Fellowship and the Lord’s Supper

There are in the scriptures many forms of service enjoined upon believers, so fitted by the Holy Spirit, diligently to be engaged in, each having a gift from Him. The apostle Paul, would encourage the Corinthians in his First Epistle 1. 4-8, to be so engaged in the testimony of Christ, coming behind in no gift, ‘that they may be blameless in the day of our Lord Jesus Christ’, and adding, v. 9, ‘God is faithful, by whom ye were called unto (into) the fellowship of His Son, Jesus Christ our Lord’. The understanding of the term fellowship, its implications and the quality of the links envisaged is emphasised. It will readily be seen that such a fellowship (that of His Son) implies that the believer is joined with Him in every aspect of life and that he is in it by the sovereign calling of God Himself. Coupled with this is the truth that he (or she) is indwelt by the Holy Spirit and we see how thoroughly equipped spiritually is the normal Christian.

The apostle, however, to whom was committed in such large measure the will of God, in one instance refers to his writings as the commandments of the Lord, 1 Cor. 14. 37. Not in general terms but speaking of matters more specific, he says, ‘Now I praise you, brethren, that you remember me in all things, and keep the ordinances (instructions), as I delivered them to you’, 1 Cor. 11. 2. There would appear to be two such, i.e. baptism and the Lord’s supper. The former is personal in its bearing, the latter, properly speaking, the only church ordinance. It is important to observe that neither is for the believer in any degree optional. The two are clearly linked together as we read, ‘Then they that gladly received his word were baptized: and the same day there were added unto them about three thousand souls.

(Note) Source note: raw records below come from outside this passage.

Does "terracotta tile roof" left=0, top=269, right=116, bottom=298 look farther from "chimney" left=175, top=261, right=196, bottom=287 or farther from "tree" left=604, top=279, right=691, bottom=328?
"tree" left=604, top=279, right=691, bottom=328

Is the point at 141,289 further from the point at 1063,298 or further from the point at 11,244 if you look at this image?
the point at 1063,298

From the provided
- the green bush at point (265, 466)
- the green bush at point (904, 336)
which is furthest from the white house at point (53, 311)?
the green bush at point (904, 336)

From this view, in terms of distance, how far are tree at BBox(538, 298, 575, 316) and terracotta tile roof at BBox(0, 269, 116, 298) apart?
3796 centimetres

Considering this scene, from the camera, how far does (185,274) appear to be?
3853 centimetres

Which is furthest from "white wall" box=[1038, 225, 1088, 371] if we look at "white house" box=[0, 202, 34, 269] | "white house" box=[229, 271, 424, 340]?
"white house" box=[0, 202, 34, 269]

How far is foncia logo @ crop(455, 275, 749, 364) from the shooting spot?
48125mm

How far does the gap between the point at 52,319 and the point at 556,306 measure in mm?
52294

And they continued stedfastly in the apostles’ doctrine and fellowship, and in breaking of bread, and in prayers’, Acts 2. 41, 42.

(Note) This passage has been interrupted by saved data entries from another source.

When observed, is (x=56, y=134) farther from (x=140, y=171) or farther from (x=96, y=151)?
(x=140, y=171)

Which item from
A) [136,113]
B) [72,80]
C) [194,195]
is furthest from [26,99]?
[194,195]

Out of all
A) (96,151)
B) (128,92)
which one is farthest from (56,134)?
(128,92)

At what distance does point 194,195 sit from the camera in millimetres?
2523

The true character of the Lord’s supper, its dignity and authority is clearly indicated by the apostle, 1 Cor. 11, 23-34, when he makes known that it was received by him from the ascended Lord in glory. There can be no question of the wisdom of such an inauguration, intended to cement the fellowship between Christians in truth and love to the One who instituted a fellowship filled with the fragrance of Himself, who would have them to meet together week by week to remember Him. So it has continued until today, in essence a fellowship able to survive the vicissitudes through which the church on earth has passed in the intervening years, us He himself says, ‘until I come’.

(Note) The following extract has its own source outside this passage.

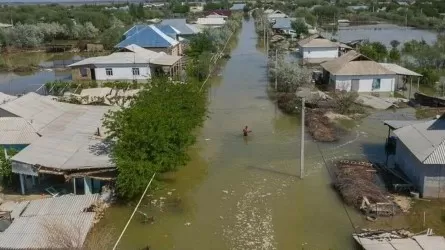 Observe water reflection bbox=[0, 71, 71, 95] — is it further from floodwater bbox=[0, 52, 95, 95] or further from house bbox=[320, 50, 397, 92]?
house bbox=[320, 50, 397, 92]

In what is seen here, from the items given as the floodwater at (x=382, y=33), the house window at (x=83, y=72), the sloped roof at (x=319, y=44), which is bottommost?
the floodwater at (x=382, y=33)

In the public aspect of the Lord’s supper there is a testimony rendered in the partaking of the bread and the drinking of the cup, to the death of the Lord, as Paul states ‘For as often as ye eat this bread, and drink this cup, ye do shew (announce) the Lord’s death till He come’, 1 Cor. 11. 26. There is doubtless a reference to the cross with its public shame in which the saints, so doing, would take their part. But in its inward bearing it is a legacy from the One who was about to leave them but greatly desired to be living in their hearts, as He says ‘Take, eat: this is my body … this do in remembrance of me’, and again as to the cup, ‘This cup is the new testament in my blood: this do ye, as oft as ye drink it, in remembrance of me’, 1 Cor. 11. 24, 25.

It becomes clear as we consider the Lord’s day, the Lord’s table (a wider thought, carrying the idea of responsibility), the Lord’s supper, that the Person of the Lord Jesus himself is paramount. Indeed, in these remarkable verses, 23-34, treating of the supper. He is the centre of our worship, as the One who gave His all, Himself, and would now provide an occasion that we might fully give expression to our hearts’ apprecition. Sadly, there are such times when He himself is not addressed in worship, but the Father only; when perhaps it is then said, ‘We worship thy beloved Son’. The question then might arise, is it possible to worship other than by addressing the One before our hearts.’. May this precious occasion then increasingly be one when we prove the nearness of the Lord, and bring delight to the Father by the Spirit.